As part of the UR:BAN research project, MAN is developing solutions for road traffic in cities together with thirty-one partners.
Thirty-one partners from the automobile and component industries, electronics, communications and software companies, universities and research institutes, as well as local authorities, have come together to create a joint UR:BAN project aimed at developing driver assistance and traffic management systems for cities. Eberhard Hipp, former Head of Vehicle Research at MAN Truck & Bus AG and UR:BAN Coordinator, talks about innovations and progressive traffic management for the urban traffic of the future.
Mr. Hipp, how can assistance systems help to increase the operating efficiency and safety of commercial vehicles in inner cities?
It´s a question of networking information that is not readily available to drivers - such as traffic signal timing or the latest traffic jams, for instance. Assistance systems process this kind of information in real time, so they can anticipate upcoming events better than the driver and react by suggesting strategic solutions, warning him in critical situations or even intervening automatically, if necessary.
As a member of the UR:BAN research project, MAN is working on the three pillars "Networked Traffic System", "Cognitive Assistance" and "Human Factors in Traffic". What is their significance in terms of vehicle development and especially for MAN customers?
Our aim is to use innovative systems and new technology to analyze the increasingly complex traffic activity around each vehicle and, based on this information, determine driving strategies to optimize consumption, identify dangerous situations and protect the driver against any possible errors. In this way, we want to make a major contribution to improving the efficiency and safety of road traffic.
Processing more and more information within ever shorter time frames – what will this mean for drivers and urban traffic flows?

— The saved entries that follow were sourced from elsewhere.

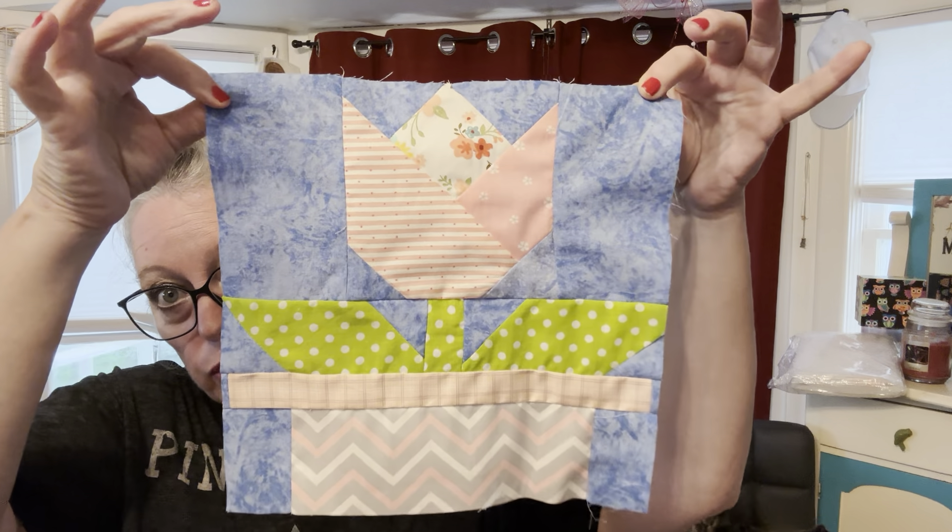Hi everyone, welcome back to Crafters Log, I am Carrie. Today this is a follow-up to one of the Miss Quilty boxes that I recently got. This is my third box, my third project, and with each of the instructions there was something wrong and something off — they weren't matching up. I did the tulip block — here it is.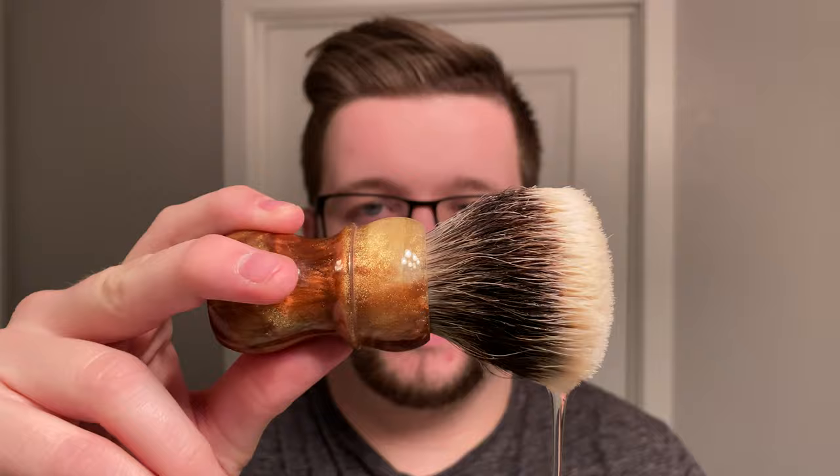My razor of choice today is — I'm going to be going back to the Blackline Vector. I've been really enjoying shaving with this recently and we're going to revisit that again. My brush, another revisit, is going to be my Autumn Glory Declaration V6. And yeah, that's going to be our shave today. So let me get the glasses off and we'll get to loading up.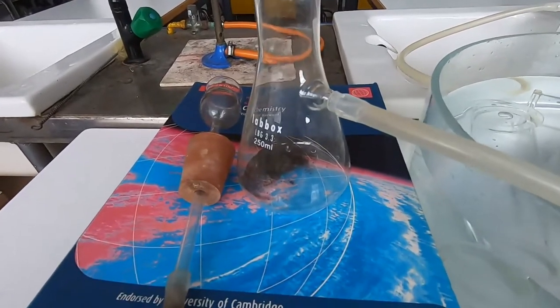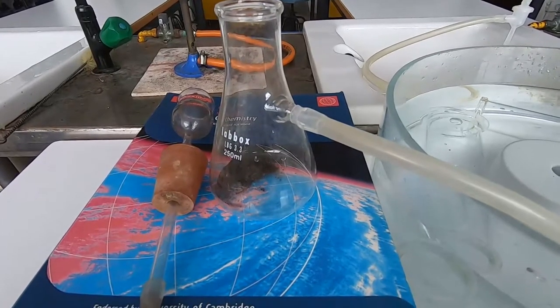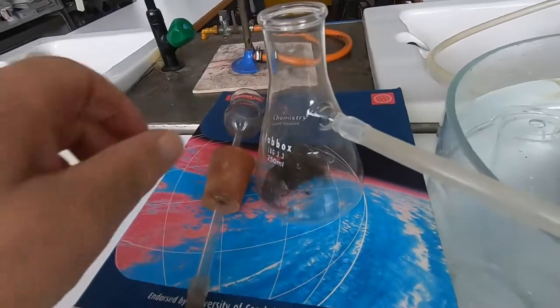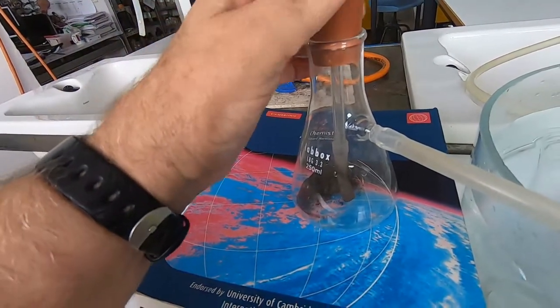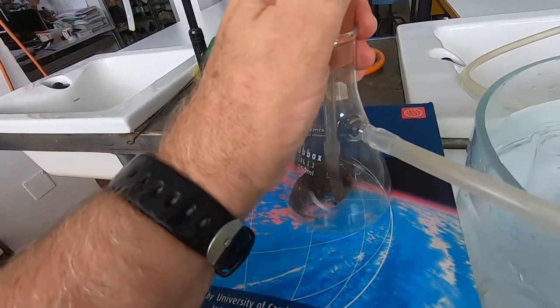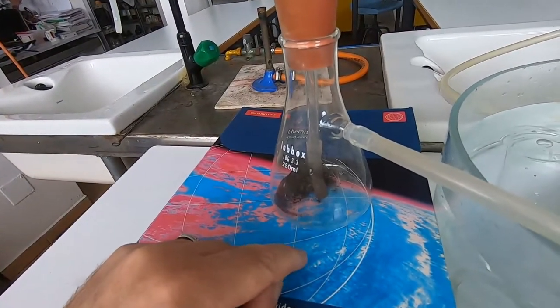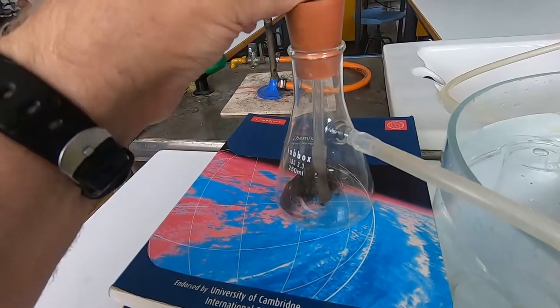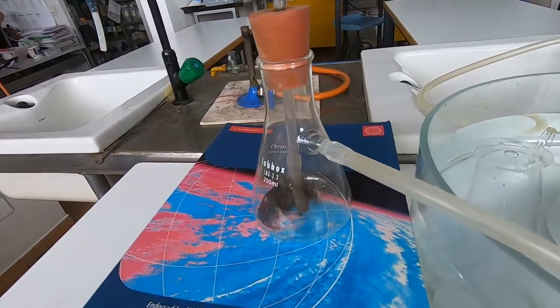I've now placed some manganese(IV) oxide in the conical flask, and I'll just replace the thistle funnel. You can see I've got a little extension on the thistle funnel because I need it to go down right to the bottom, so that the oxygen that's being produced doesn't escape through the thistle funnel — I need it all to go down the sidearm so I can collect it.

Drivers shouldn´t be overloaded with information. This is one of the key tasks of the sub-project "Human Factors in Traffic". Information must be reduced to what is really necessary and communicated to the driver in a way that can be intuitively understood. The aim is to minimize driver distraction. Special note must be taken of this in the event that new assistance systems have to be operated by the driver. The advantage for him and other road users is that driver assistance systems are always wide awake, don´t get tired and are therefore able to generate danger warnings and in the worst case, instantly intervene.
UR:BAN reaches its halfway mark this year. Are you pleased with the way the project has progressed up to now?
As in the case of the preceding projects "Active" and "Invent", this venture involves precompetitive cooperation on the part of manufacturers, suppliers and research institutes. As far as exchanging know-how among the experts is concerned, this works extremely well and very efficiently. Since surveys on certain themes can be jointly commissioned by the project partners, the financial burden can often be shared. The results will benefit the whole of society.
What are you expecting for the second half of the project?
My wish would be that the second half goes as well as the first, but I have absolutely no doubts about that. In the end, we´ll be able to present operational demonstrators so that the new functions can be experienced live. The results of the project will undoubtedly represent an important milestone for the future of safe and efficient urban traffic.